- [Exercise data]
^^^^^^^^
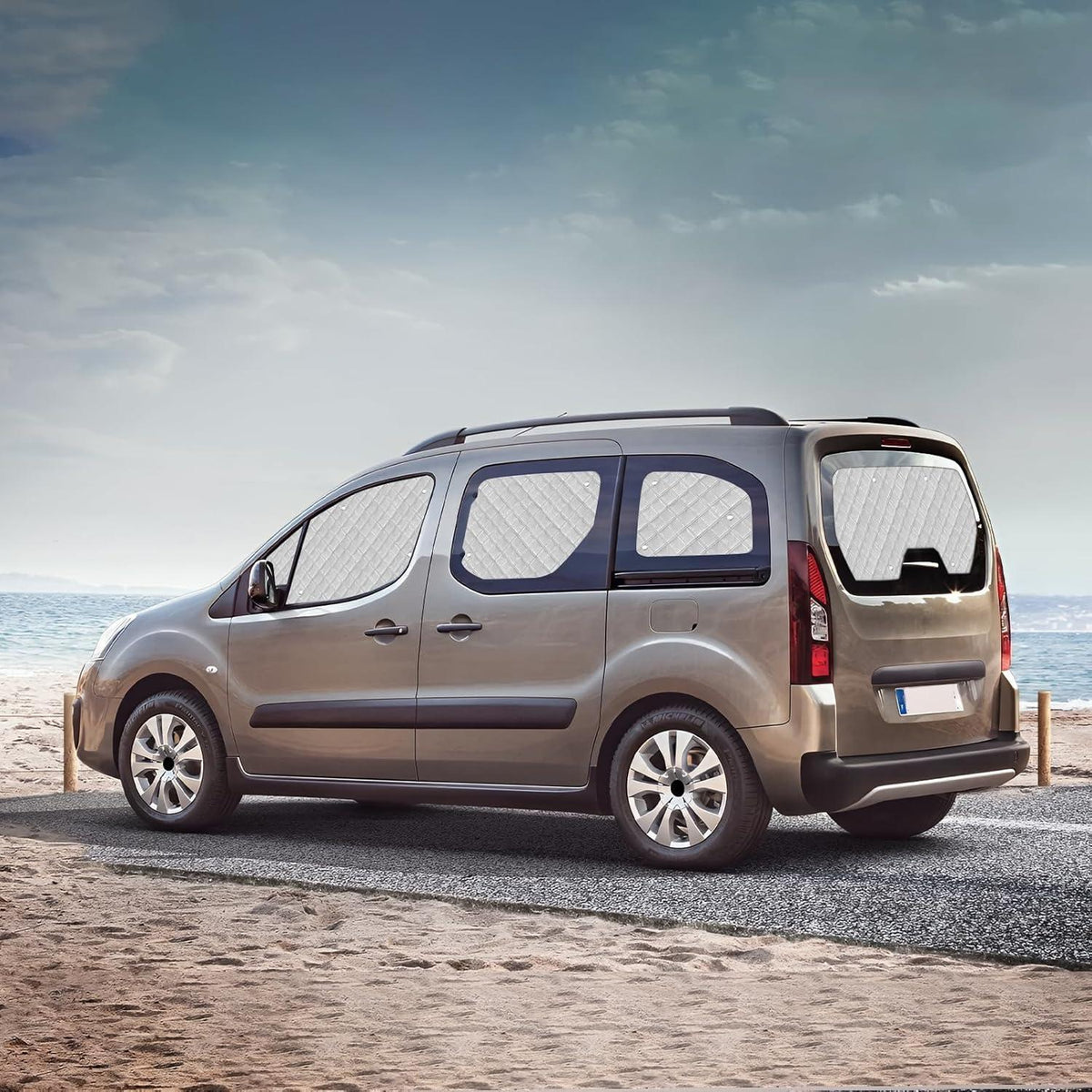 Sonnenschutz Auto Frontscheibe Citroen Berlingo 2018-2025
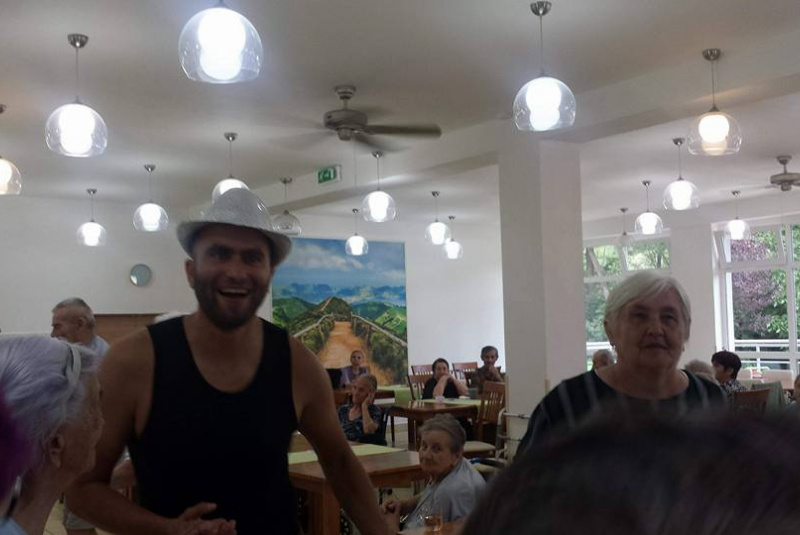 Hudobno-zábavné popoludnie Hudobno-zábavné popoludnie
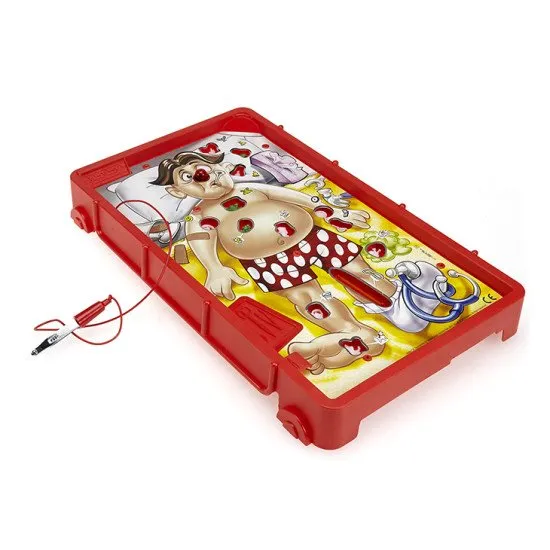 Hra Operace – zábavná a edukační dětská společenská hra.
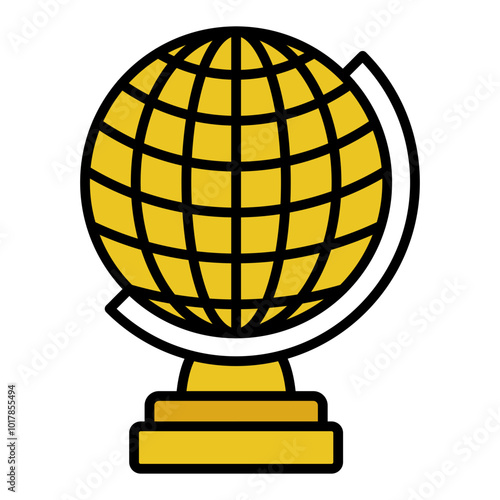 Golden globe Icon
^^^^^^^^
- [What the task asks] Only an exact copy of the lines from the one with "Hudobno-zábavné popoludnie Hudobno-zábavné" through the last line of the listing should be given; pictures must not be included.

- [Problem solution]
 Hudobno-zábavné popoludnie Hudobno-zábavné popoludnie
 Hra Operace – zábavná a edukační dětská společenská hra.
 Golden globe Icon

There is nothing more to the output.